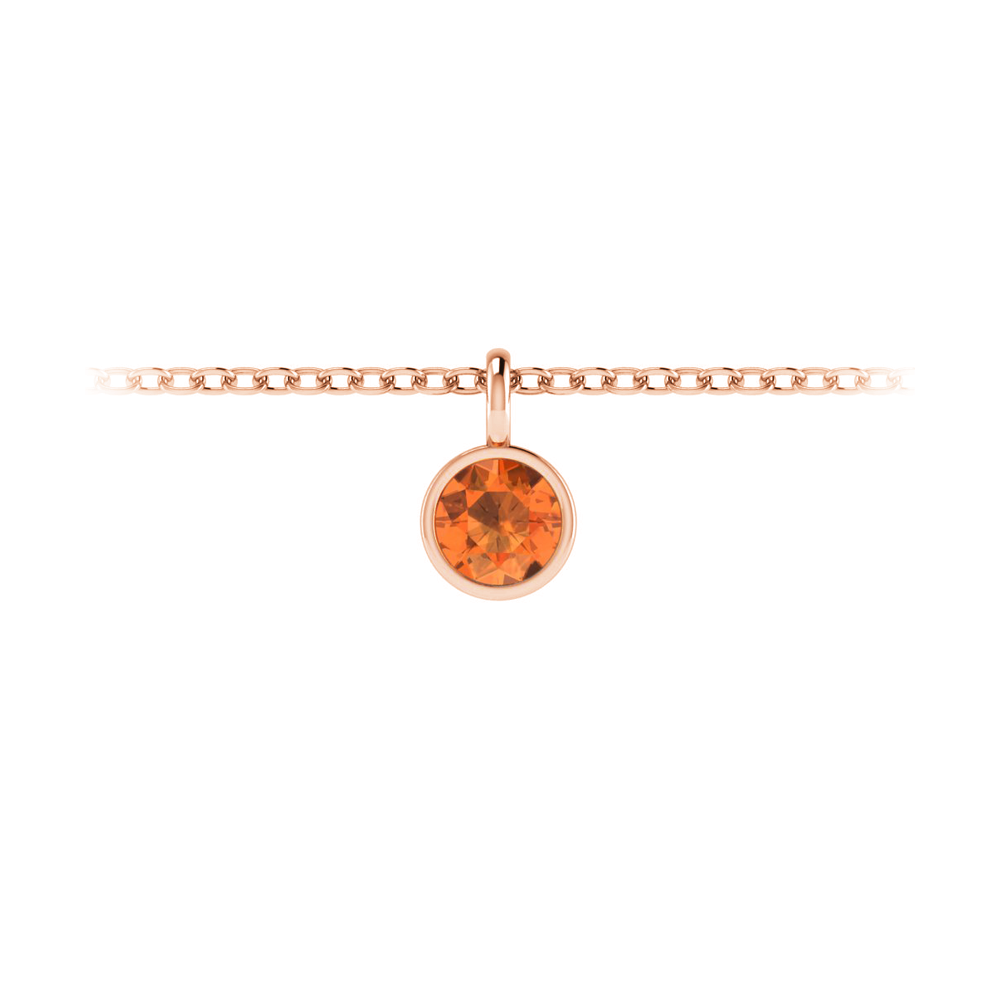 1 Ct Round Garnet Birthstone Bezel Charm Necklace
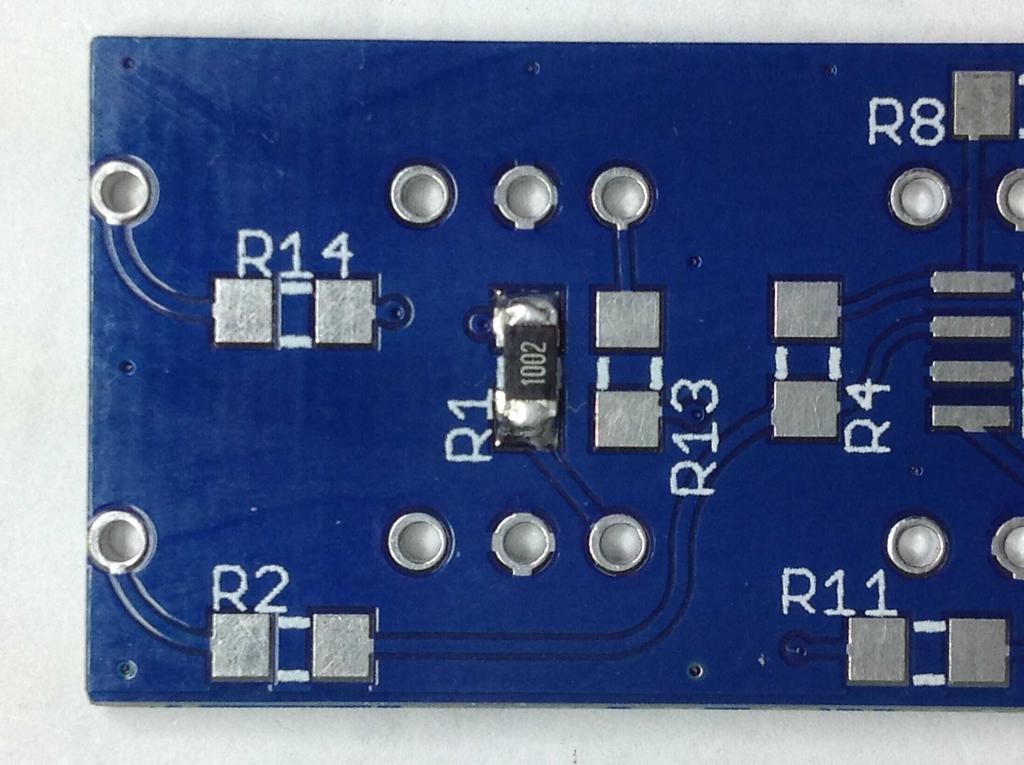 After which the board should look something like this: Now install the rest of the resistors.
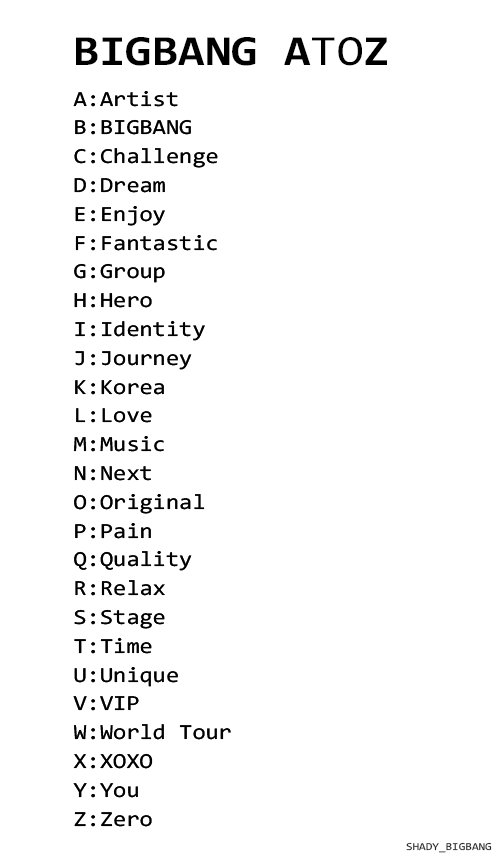 Bigbang Facts Bigbang Atoz The Exhibition A Artist D Dream H Hero L Love M Music O Original P Pain Q Quality U Unique V Vip Z Zero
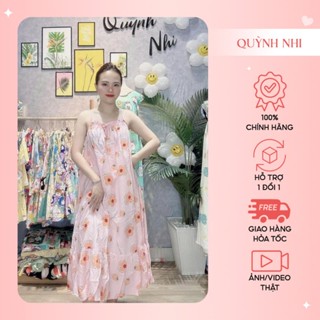 Đầm lanh mặc ở nhà Quỳnh Nhi, Thiết kế hiện đại tinh tế, Chất vải mềm mịn thoáng mát - VAY16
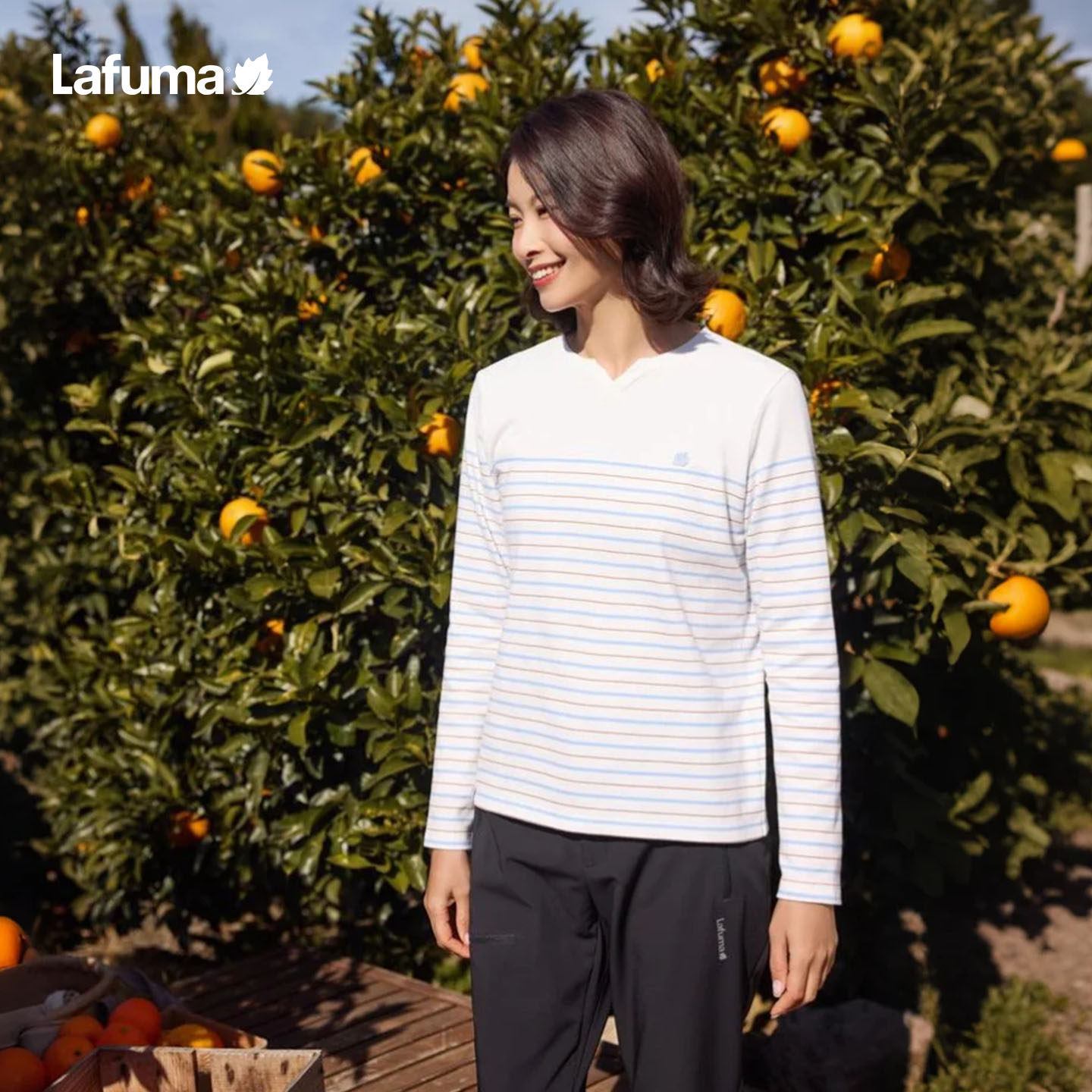乐飞叶LAFUMA户外吸湿速干小v领长袖T恤女休闲运动条纹,户外/登山/野营/旅行用品,户外休闲衣,淘宝优惠券,粉丝福利购,淘宝优惠卷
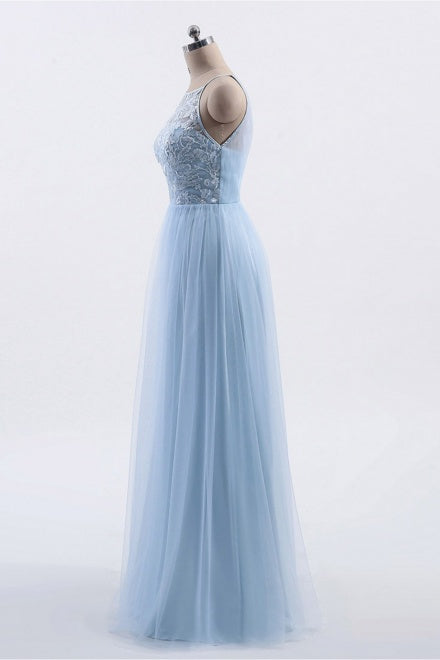 Cut Out Back Ice Blue Lace Bridesmaid Dress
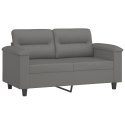 2-OSOBOWA SOFA Z PODUSZKAMI CIEMNOSZARA 120CM MIKROFIBRA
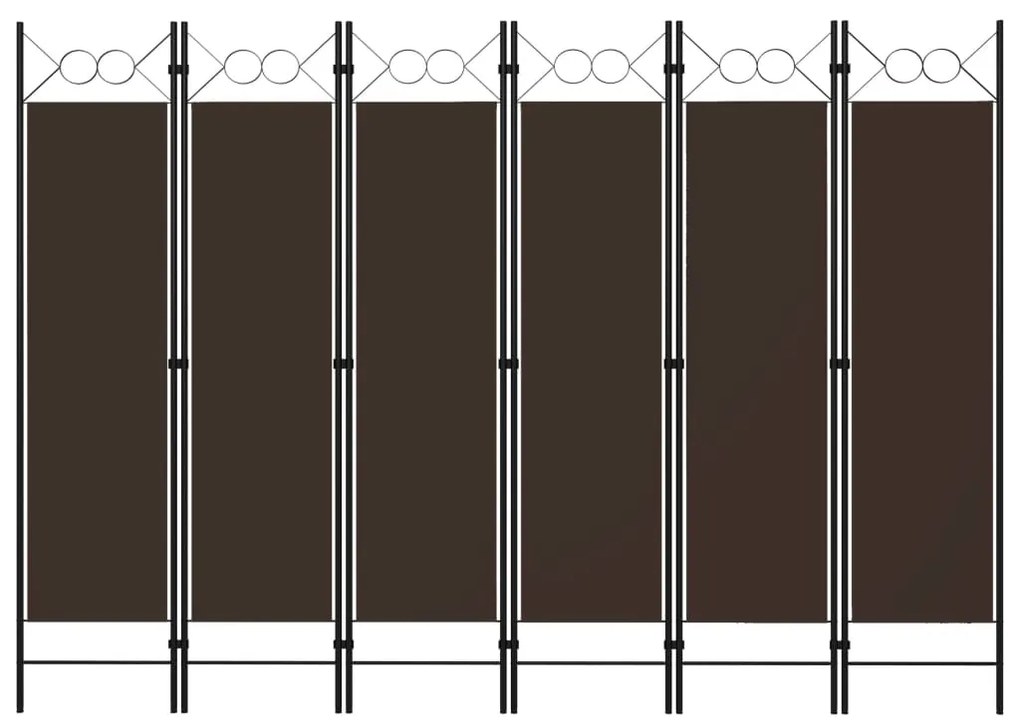 Διαχωριστικό Δωματίου με 6 Πάνελ Καφέ 240 x 180 εκ.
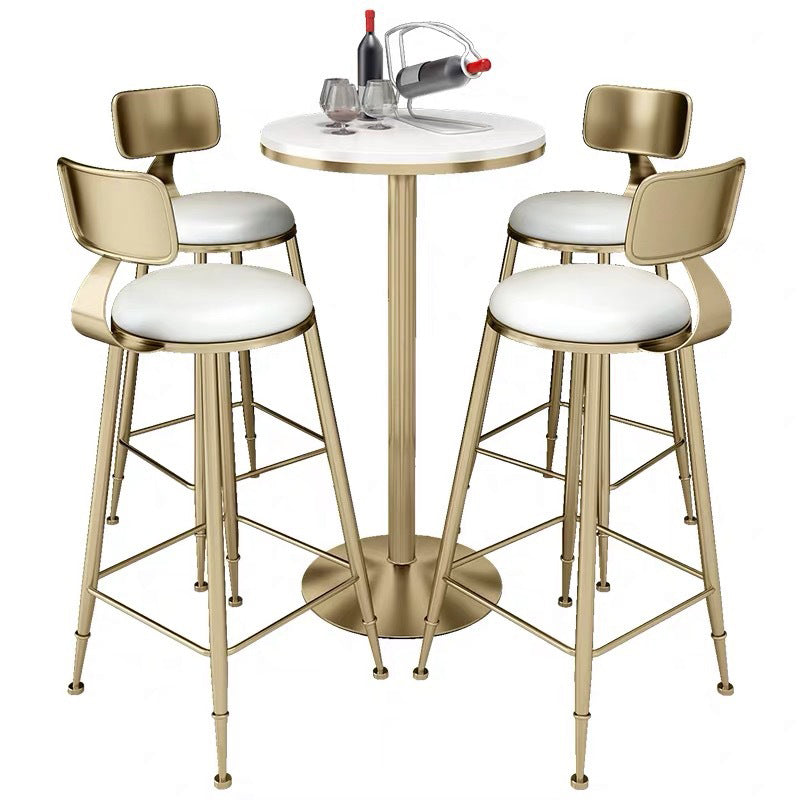 Glam 1/3/5 Pieces Bar Table Set Round Stone Counter Table with High Stools 5 Pieces: White Table, 4 White Chairs Clearhalo 'Bar Furniture' 'furn' 'furn_home_bar_bar_sets' 'Furniture' 'Home Bars & Bar Sets' 'home_bar_bar_sets' 'Kitchen & Dining Furniture' 5464111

Goal of the exercise
Pictures excluded, repeat the material above from its first line through the line containing "Bigbang Facts Bigbang", both included.

Written answer
 1 Ct Round Garnet Birthstone Bezel Charm Necklace
 After which the board should look something like this: Now install the rest of the resistors.
 Bigbang Facts Bigbang Atoz The Exhibition A Artist D Dream H Hero L Love M Music O Original P Pain Q Quality U Unique V Vip Z Zero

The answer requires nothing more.